◆ What to do ◆
What you return must match the records below exactly, apart from the omitted pictures.
════════════════
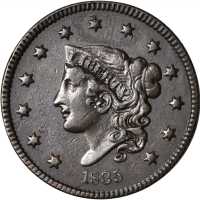 1835 Matron Head Cent. N-14. Rarity-2. Head of 1836. VF-30 Porous.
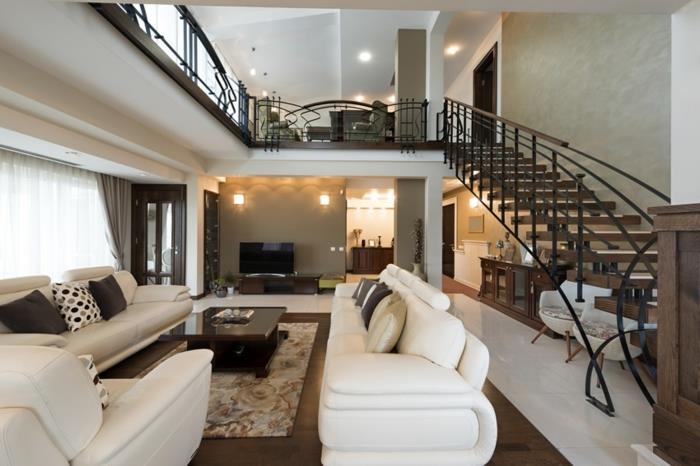 Ameublement moderne salon escalier moderne meuble blanc motif tapis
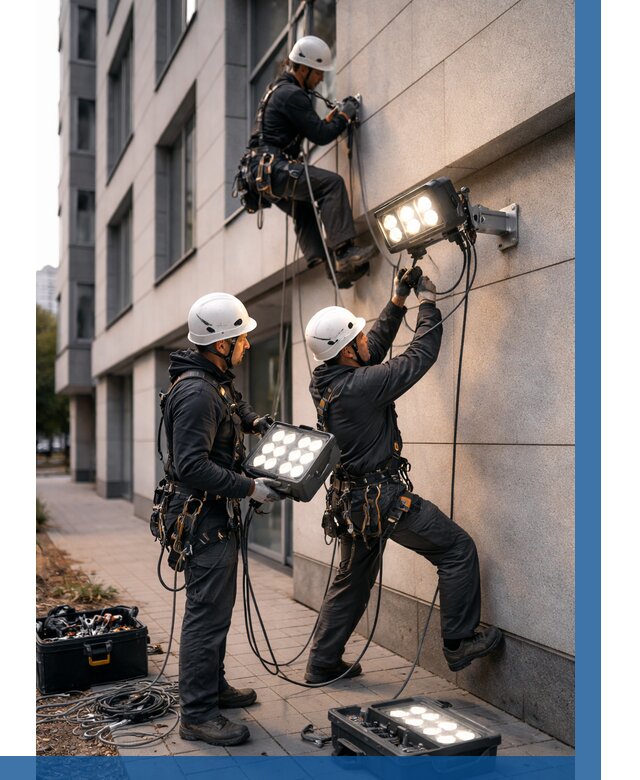 Монтаж прожекторов на фасаде в Миассе от 7628 р. | ВЫСОТНИК-Мсс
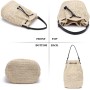 EVEOUT Bolsos Bandolera de Tejido Paja Mujer Bolsos Totes Grande Verano Estilo Bohemio Bolsos de Hombro Paja Playa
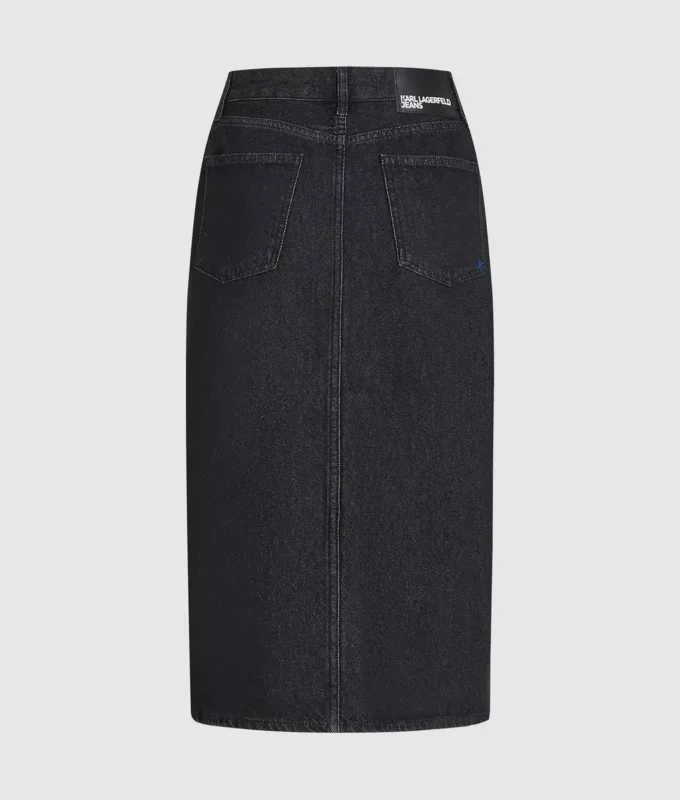 Midi-denimrok met vetersluiting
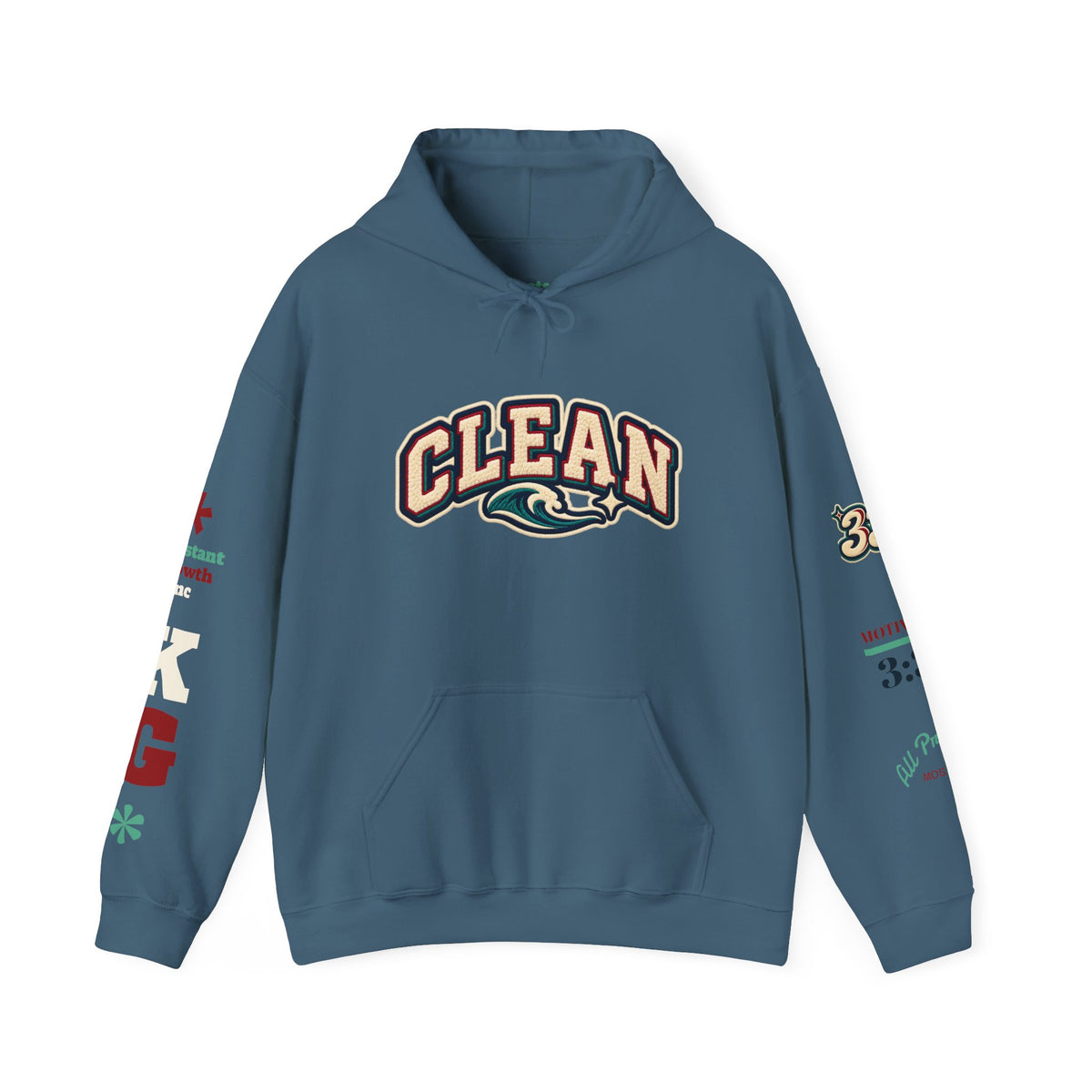 Clean Wave Hoodie — Graphic Palm-Globe Streetwear Hooded Sweatshirt Printify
════════════════
◆ Solution below ◆
 1835 Matron Head Cent. N-14. Rarity-2. Head of 1836. VF-30 Porous.
 Ameublement moderne salon escalier moderne meuble blanc motif tapis
 Монтаж прожекторов на фасаде в Миассе от 7628 р. | ВЫСОТНИК-Мсс
 EVEOUT Bolsos Bandolera de Tejido Paja Mujer Bolsos Totes Grande Verano Estilo Bohemio Bolsos de Hombro Paja Playa
 Midi-denimrok met vetersluiting
 Clean Wave Hoodie — Graphic Palm-Globe Streetwear Hooded Sweatshirt Printify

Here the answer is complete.